Interference with signaling pathways: Ubiquitylation and NF-κB signaling

Bacterial proteins commonly target host ubiquitylation and ubiquitin-dependent proteasomal degradation to modulate signaling pathways. Proteasomal degradation in eukaryotic cells involves polyubiquitylation of a target substrate and delivery of the ubiquitylated substrate to the 26S proteasome.
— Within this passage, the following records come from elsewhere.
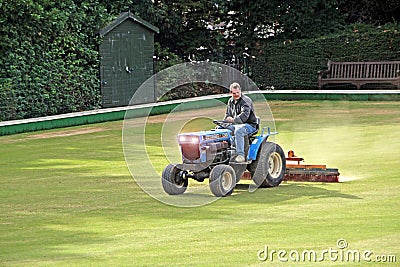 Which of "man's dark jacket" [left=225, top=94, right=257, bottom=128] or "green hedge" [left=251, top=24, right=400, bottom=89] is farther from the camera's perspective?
"green hedge" [left=251, top=24, right=400, bottom=89]

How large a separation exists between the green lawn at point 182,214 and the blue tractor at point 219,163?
0.16m

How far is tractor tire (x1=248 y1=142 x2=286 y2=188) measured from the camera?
9305 mm

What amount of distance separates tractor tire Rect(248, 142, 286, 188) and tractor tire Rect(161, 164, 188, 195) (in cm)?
74

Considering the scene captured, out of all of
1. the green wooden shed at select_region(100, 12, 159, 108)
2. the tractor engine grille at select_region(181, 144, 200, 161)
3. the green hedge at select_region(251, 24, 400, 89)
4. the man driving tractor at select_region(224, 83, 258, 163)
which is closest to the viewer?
the tractor engine grille at select_region(181, 144, 200, 161)

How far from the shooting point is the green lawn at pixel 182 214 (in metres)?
6.59

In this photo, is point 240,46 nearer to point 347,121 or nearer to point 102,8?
point 102,8

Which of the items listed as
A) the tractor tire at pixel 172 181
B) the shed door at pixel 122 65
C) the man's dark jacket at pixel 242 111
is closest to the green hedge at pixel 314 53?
the shed door at pixel 122 65

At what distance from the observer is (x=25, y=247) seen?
699 centimetres

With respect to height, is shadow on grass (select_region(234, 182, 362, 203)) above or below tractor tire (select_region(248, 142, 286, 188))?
below

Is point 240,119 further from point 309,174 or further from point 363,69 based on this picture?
point 363,69

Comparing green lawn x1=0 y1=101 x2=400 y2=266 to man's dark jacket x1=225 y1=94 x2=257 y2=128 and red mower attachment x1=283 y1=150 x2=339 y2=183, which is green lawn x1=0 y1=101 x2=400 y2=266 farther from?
man's dark jacket x1=225 y1=94 x2=257 y2=128

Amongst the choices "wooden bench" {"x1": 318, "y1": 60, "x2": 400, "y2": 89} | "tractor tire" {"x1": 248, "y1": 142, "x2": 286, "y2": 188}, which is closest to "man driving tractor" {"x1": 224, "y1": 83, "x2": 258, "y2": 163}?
"tractor tire" {"x1": 248, "y1": 142, "x2": 286, "y2": 188}

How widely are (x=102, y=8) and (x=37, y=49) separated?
110 inches

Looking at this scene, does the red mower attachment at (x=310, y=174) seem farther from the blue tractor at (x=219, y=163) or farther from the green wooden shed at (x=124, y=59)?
the green wooden shed at (x=124, y=59) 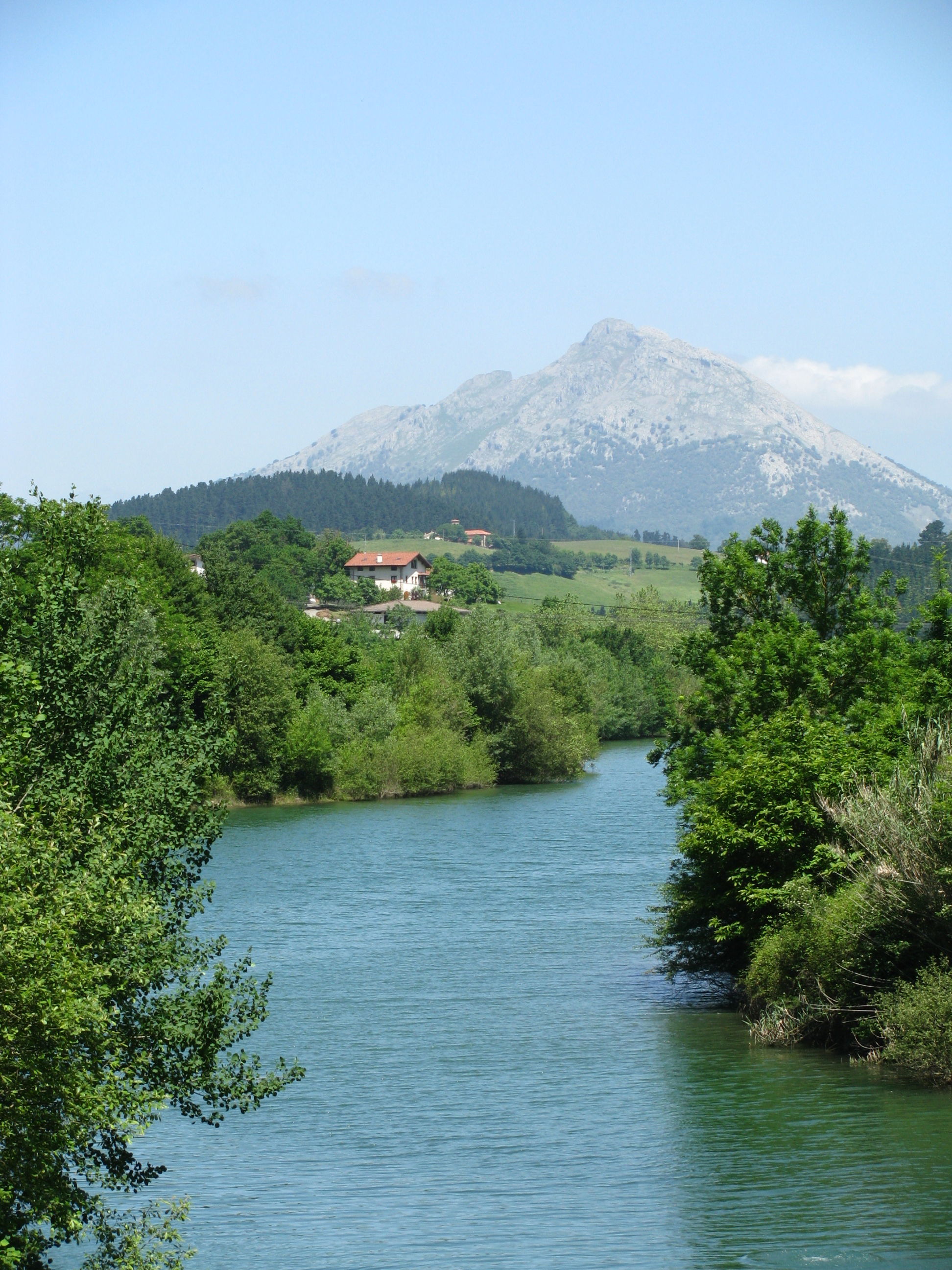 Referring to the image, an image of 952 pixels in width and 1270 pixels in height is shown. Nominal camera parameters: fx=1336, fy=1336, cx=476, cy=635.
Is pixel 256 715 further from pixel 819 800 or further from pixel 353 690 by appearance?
pixel 819 800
The first step of this pathway involves activation of an ubiquitin molecule by the host enzyme E1, which forms a thioester bond to ubiquitin and activates it for transfer in an ATP-dependent manner. Ubiquitin is then moved to E2, which are a family of ubiquitinconjugation enzymes. Finally, the thioesterified ubiquitin is transferred to a target substrate directly or with the help of E3 ubiquitin ligases (Deshaies, 1999). The SCF complex (Skp, Cullin, F-box containing complex) is one type of E3 ubiquitin ligase that facilitates the transfer of ubiquitin from E2 to the target substrate. There are a large number of F box proteins that are able to integrate into SCF complexes (also called Cullin-RING ubiquitin Ligases), with the F box proteins interacting with substrates and determining specificity. Skp1 functions as an adaptor protein and Cullin 1(Cul1) serves as a scaffold that interacts with SKP1 and RING-box-1 (RBX1) protein (Ravid and Hochstrasser, 2008).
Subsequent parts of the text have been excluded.